I have two very unscientific theories for why I think this is, but they are based on lots of experience listening to working professionals and discussing career advancement with them:

1. Employees expect "good" culture to be given to them.

2. Companies think they can do what no other civilization has done before them: successfully define and enforce their idea of "good" culture in a way that doesn't ultimately lead to revolt.

Listen. It's wonderful that everyone wants a great working environment, a place where all are valued and respected. But that is where the consensus generally ends because everyone's perception of what that is and how that should realistically play out is shaped differently...and it is very difficult to bring that into one harmonious reality!

For most people, culture is external...something out there that they must interact in.

So they care about it. They want the atmosphere at work to be right. They want to like what they do and where they do it. Therefore, they pressure their companies to make the environment better. They see greener pastures all around. They're convinced if the company would just do something to get it right, they would be more productive and stay longer.

Generally speaking, I think we can all relate with this feeling. BUT at the same time, basically, we are saying that the conditions around us must be just right or we can't/won't perform to our best. Hmmm.

The trouble is, of course, that there are 50-100-500-1000 people around us in the office that all feel exactly the same way, but they don't agree on what those perfect conditions should be like. They just know it is someone else's responsibility to fix it....or....

So off goes corporate...doing what corporate does...taking polls, implementing programs, forming committees, plastering mantras, conducting workshops, training evangelists...anything it can think of to create "good" culture...again, whatever that is exactly.

Back in my corporate leadership days, we were inundated with calls to improve our culture and respect our "brand," in particular, for recruiting purposes. And that was before social media!

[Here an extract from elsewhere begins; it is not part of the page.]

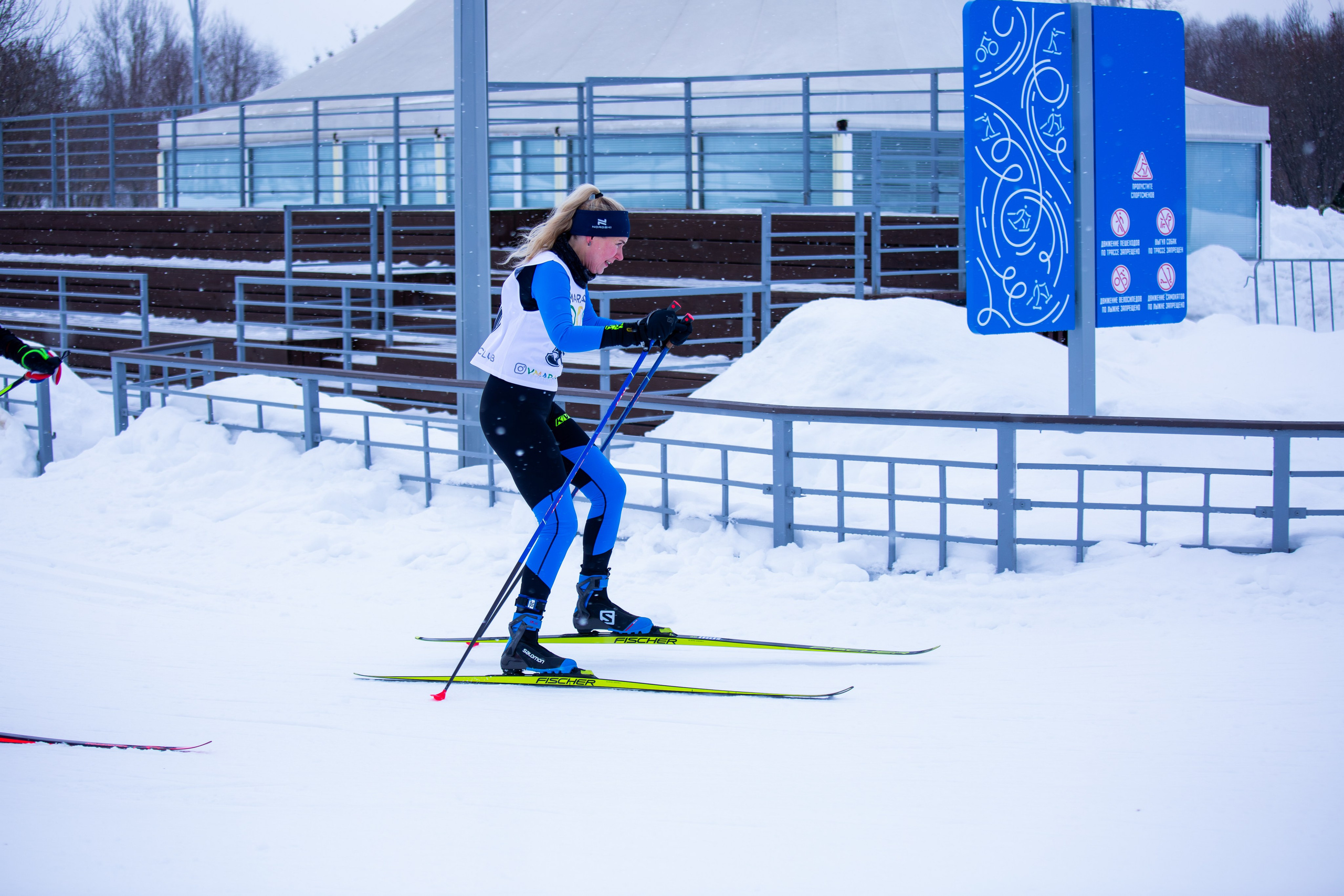 Всероссийские соревнования по лыжным гонкам. Репортажный, семейный, свадебный, портретный фотограф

I mean, you have to admit that companies have poured more energy and resources into defining culture and branding in the last several years than ever before...and yet the polls show more people are leaving jobs because of culture than ever before (of course, companies have laid more people off than perhaps ever before too).

In the technical world especially, the more companies try, the more techies run the other way. And everyone is left scratching their heads.  

Why can't we all just get along?

The truth is, well, we just can't. We try. We do our best. But we can't. Conflict happens. (Think about it, if we could, we'd have much better marriages and family relations...all things that matter more than work, right?)

And although we might follow the Golden Rule, not everyone else follows it in return. Or maybe they think they do even if we think they don't! It's a rabbit hole that can tie leadership up in never-ending circular arguments. (I remember a previous manager of mine who was sent off to "be nice" seminars for 2 weeks. She came back transformed in such an inauthentic way that we were literally begging for her to go back to her true not-so-nice self!)

Sure there are magical moments of collaboration, unity, respect...all great things...where we start to think we just might have landed some "good" culture...until the wind changes direction and people do what people do: change jobs.

Truthfully, the best innovations, as history bears out, usually come out of the harshest conditions...necessity and all. But we aren't really willing to endure that. Or we are as long as people aren't involved. :-)

Listen. Workplace culture matters...much in the same way it matters to us whether people like us.

We can say that we don't care about that, but of course we do. Life tends to be easier when people like us.

But not everyone does like us. And at some point, we have to accept it or at least figure out what we are willing to accept.

The last thing we would ever want, however, is for someone to "make" them like us or to "make" us like them. When that happens, you can be sure a revolution is just around the corner.